One result of the devaluation of adult authority is that ‘the proper relationship between education and society has been turned upside down’, and ‘education is used as the site where the unresolved issues of public life can be pursued’. As adults are infantilised and children are treated as mini-grown-ups whose voice must be expressed and heard on every matter from the content of the curriculum to the attributes of their teachers, education becomes viewed as a place where political debates can and should take place.
It's been awhile since I've read one of his books but I am about due for another visit, I think. He is becoming a fine successor to Neil Postman, now that the latter is no longer with us.

In these times of non-violent coercion that we presumably picked up from our participation in the Cold War -- where political and social pressure is used in an organized and concerted way in lieu of physical force -- public education is in some ways becoming a racket in that it occasionally exhibits a violation of the public trust and an illicit misuse of education where the child is used as the violent social weapon of strongly implied but ostensibly optional enforcement.

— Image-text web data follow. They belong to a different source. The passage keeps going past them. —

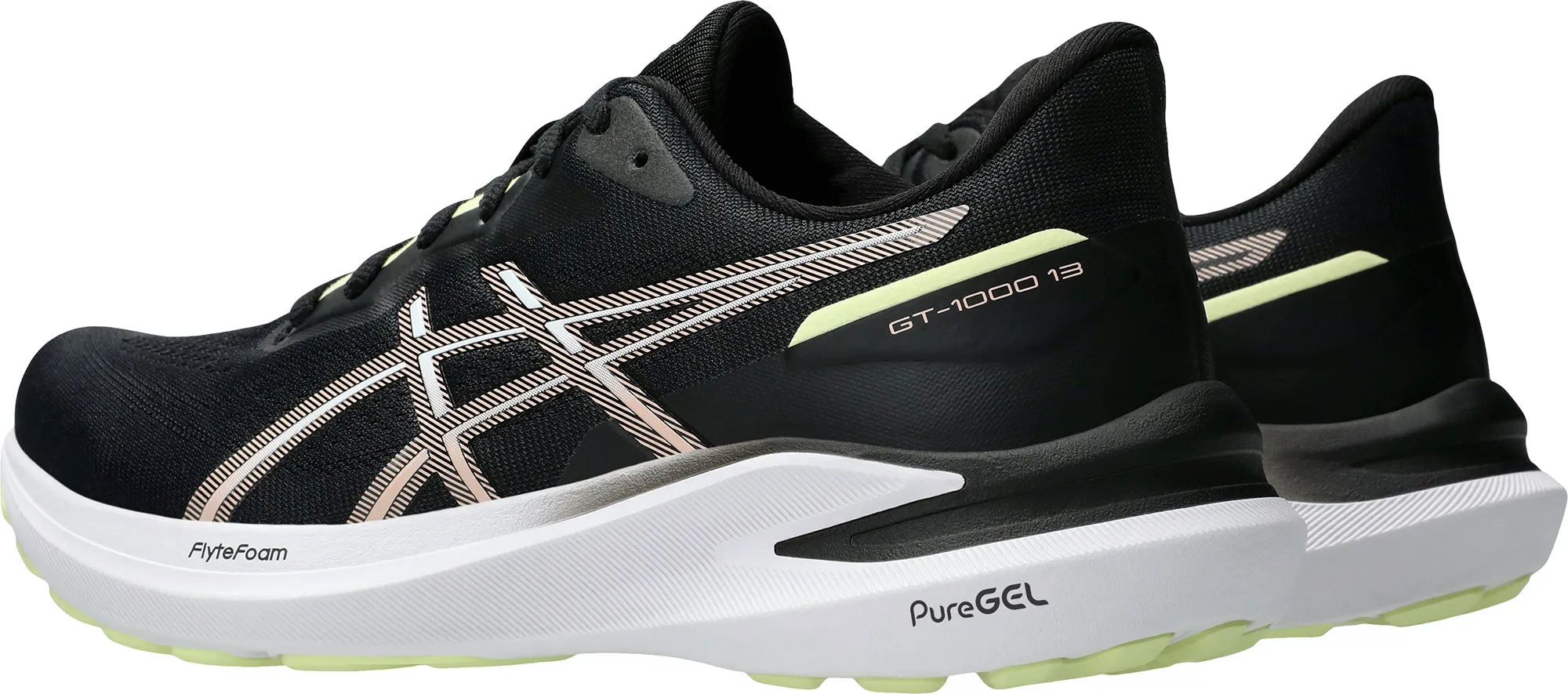 Asics GT 1000 13 Womens Running Shoes - Black Flexible Athletic Fit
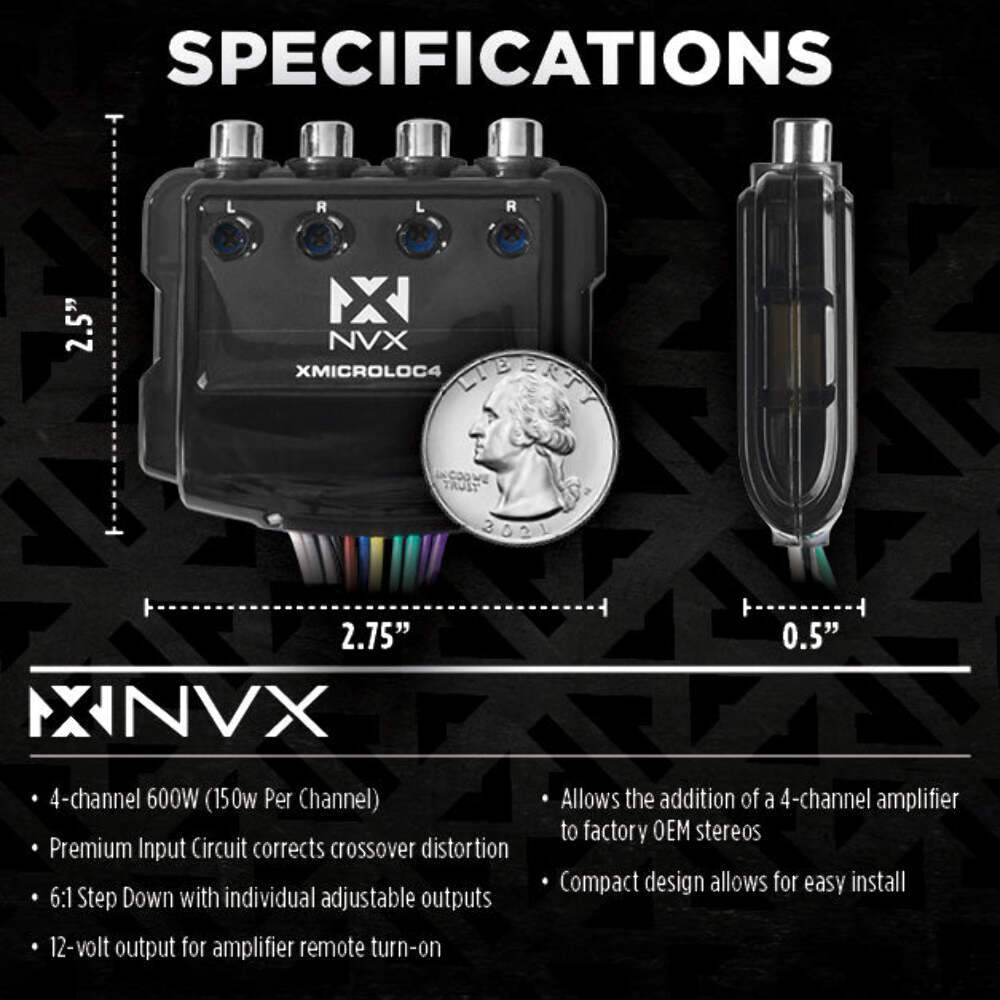 XMICROLOC4 4-Channel 600W Micro Line Output Converter w/ Remote Turn-on Trigger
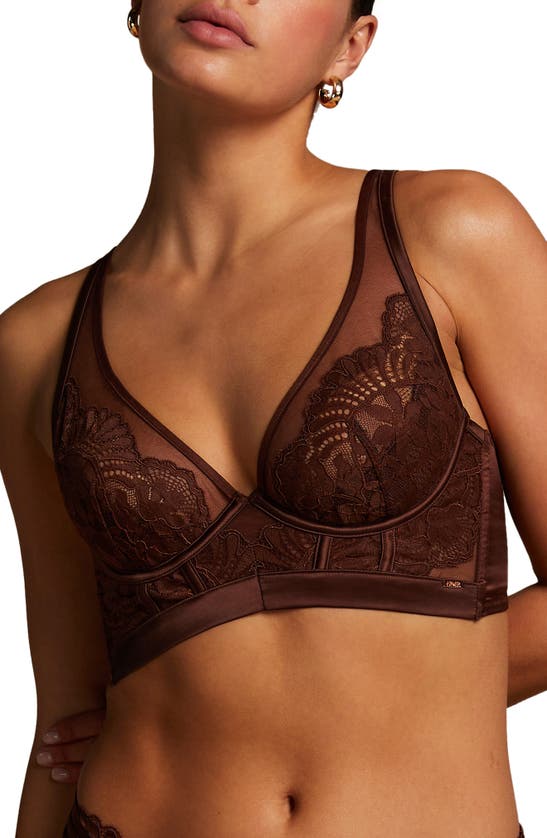 Shop Hunkemoller Hunkemöller Indigo Longline Underwire Bra In Chicory Coffee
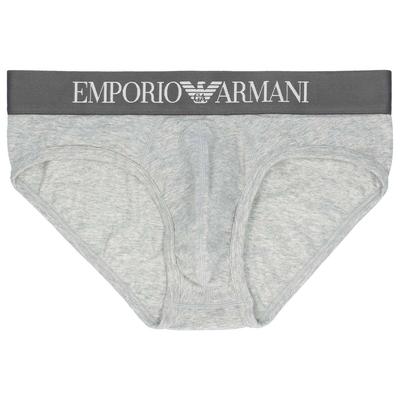 Плавки хипсы с лентой с культовым логотипом Emporio Armani, мужское нижнее белье, размер ЕС, подарок, 54047296 (54047296-4-94), 94. Средне-серый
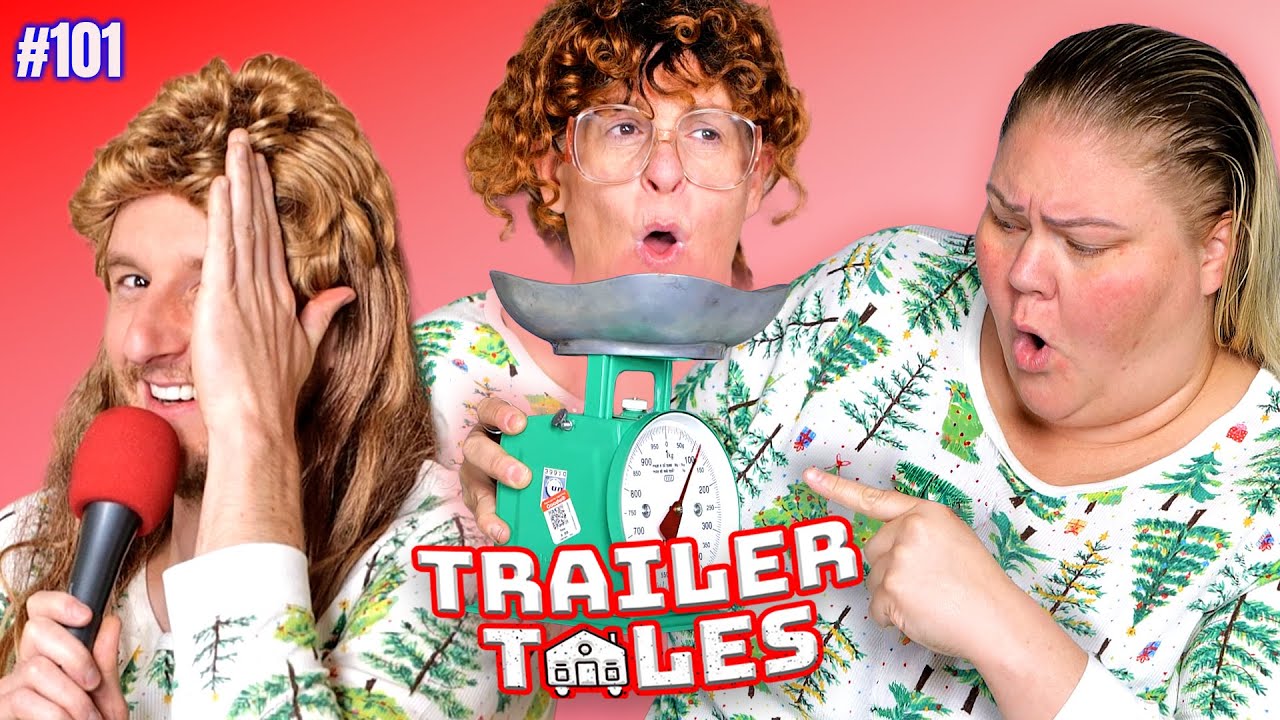 YouTube post by @TrailerTalesPod for hims. Caption reads: Weighing Tammy's Tideez on Christmas | Trailer....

I was sitting in the waiting room of a music store a couple of weeks ago and overheard a young girl quietly chastising her Dad for not buying her music book from the store where she also did her lessons. "But if you buy it here then [the store] will get the money," she said. "So you have to buy it here, OK?". You could hear the wife in her voice. It was calm and collected with a strong insinuation that you'd not be spoken to for a long time if you didn't act appropriately. The Dad stood there in near silence, seemingly unsure of how to handle the situation. He made a few uncertain comments about the books at the store being expensive and in bad physical condition.

It makes me wonder if children are also being told in school that they have to support local businesses. Is the Chamber of Commerce giving talks in elementary school now? I don't really know. But, she was not of an age where she would have reached this conclusion herself.

The child, however, likely does not comprehend such detail. I have written at greater length and with more detail about this problem of child indoctrination by the public school system in the past.

Forget what I said about Tori Amos and "Midwinter Graces"

Forget what I said about not buying this album. I have had a chance to preview it and it is actually very good and I will be buying it.

I was also wrong about it sounding as if it came from the same session as "Abnormally Attracted To Sin". I had only heard a very brief preview before, but having heard it in greater length it sounds quite different: the piano is back in front in a few songs, and there are a few of those piano textures that stick in my mind long after I've finished listening to the song. There is nothing raunchy here and it is quite a warm-sounding album.

But despite efforts to make it appear otherwise, it is clearly a Christmas album, though mostly an agnostic one. One thing I appreciate most about it is that she messes with some of the familiar twists and turns of the traditional Christmas songs that are included. This prevents it from being predictable and also from becoming quickly annoying. For this reason, you would be able to hear elevator Christmas music in discount department stores all season and still be able to come home and listen to this album.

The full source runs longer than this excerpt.